All trains stations have at least three tracks and could serve as passing loops on the single-track railway line. in addition, depots and maintenance facilities are located at the stations. The traction power for the overhead catenaries is delivered through three substations which are directly connected to the Ethiopian national grid.
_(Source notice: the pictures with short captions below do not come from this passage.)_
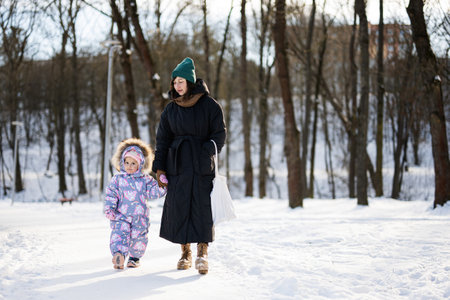 Mother and child walking on a sunny frosty winter day in the park.の写真素材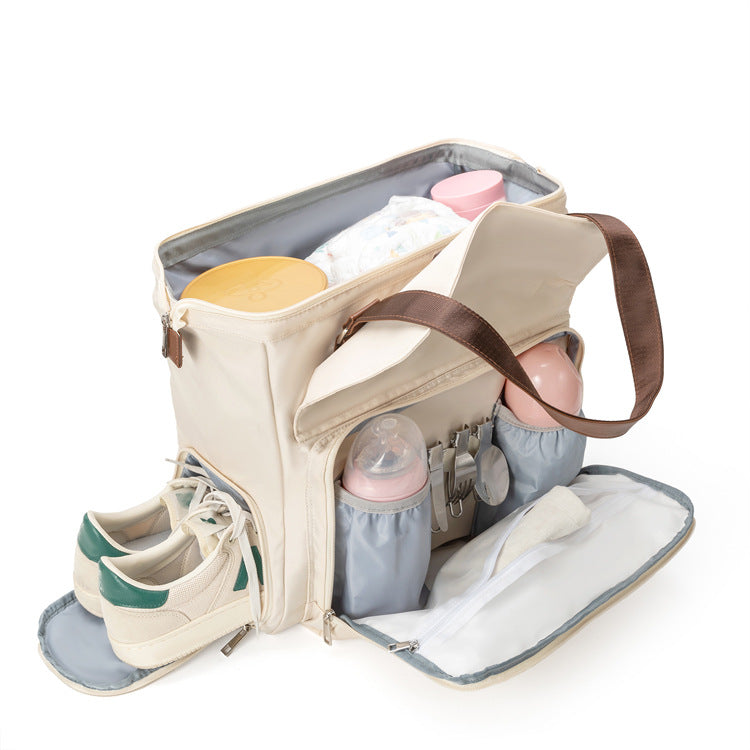 open convertible diaper bag showing bottle organizer elastic holders fold-down front section and separate side shoe compartment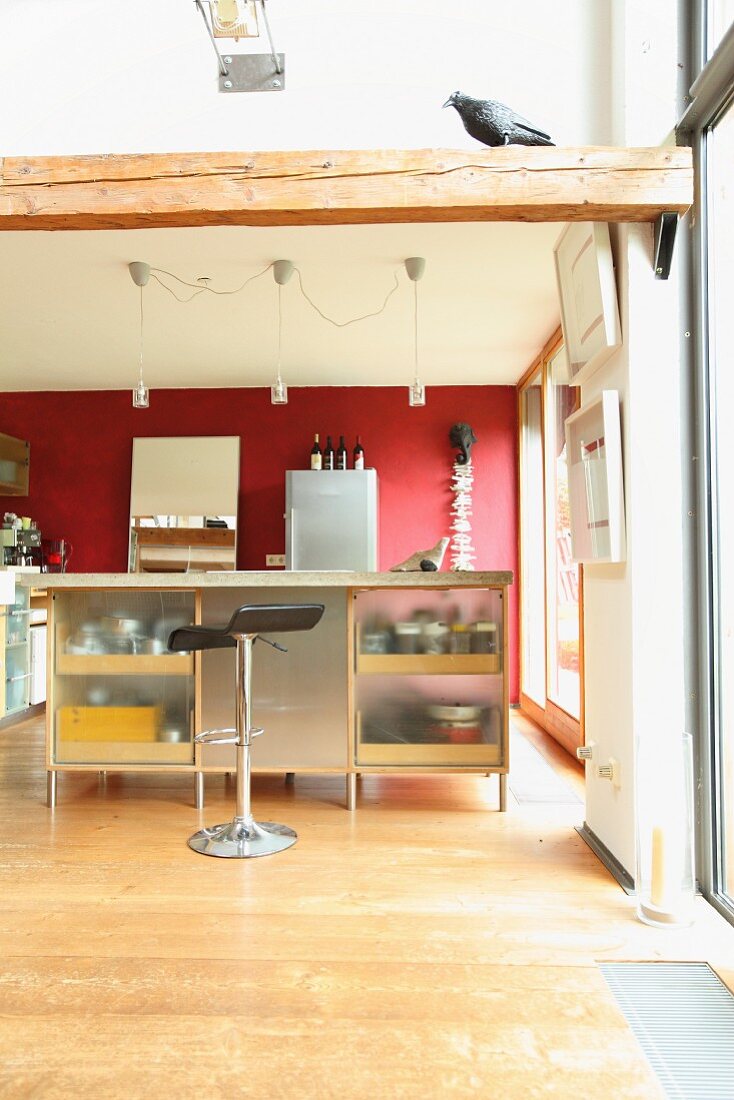 Offene Küche mit Kücheninsel, Barhocker und roter Wand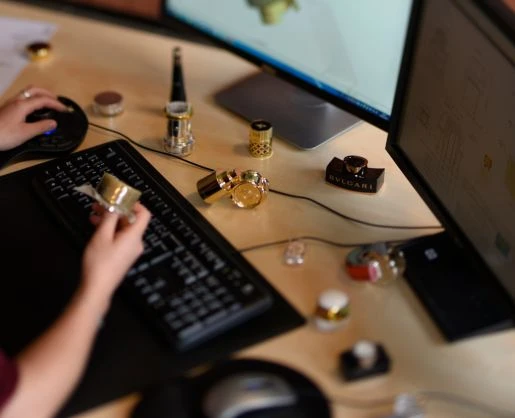 A person works at a computer desk with two monitors, surrounded fragrance caps and other branded components of custom primary beauty packaging—scattered around the keyboard and mouse.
As of January 2018, there is no domestic passenger traffic between Ali Sabieh, Holhol and Djibouti City, all trains are international trains from and to Ethiopia serving the Nagad and the Port train stations only.

== Proposed railways ==
- There is another major electrified standard gauge railway line proposed between Ethiopia and Djibouti, the Weldiya–Tadjoura Railway. That railway line was not expected to connect to the Addis Ababa–Djibouti Railway. The Weldiya–Tadjoura Railway was considered to connect Ethiopia through the border station at Galafi with the new Port of Tadjourah, the second-largest Djiboutian port for bulk goods (potash). This railway was postponed during the tendering process. Private potash-mining companies in Ethiopia are planning a privately financed and built freight railway instead, if the potash mining produces transportation volumes above 2 million tonnes annually. Such a privately financed railway would also be running from the border post at Galafi to the Port of Tadjourah. The Djiboutian section would be around 180 km long. The railway might be extended to the proposed Bridge of the Horns and Yemen later.
- An extension of the port section of the Addis Ababa–Djibouti Railway. This branch line would depart from Nagad train station then passing Camp Lemonnier and going to the border with Somaliland at the coast close to the villages of Damerjog / Loyada. Primary reason is another major Djiboutian port to be constructed at Damerjog. This branch line would be 15–20 km long. A later extension to Somaliland (Hargeisa, Berbera) might be possible.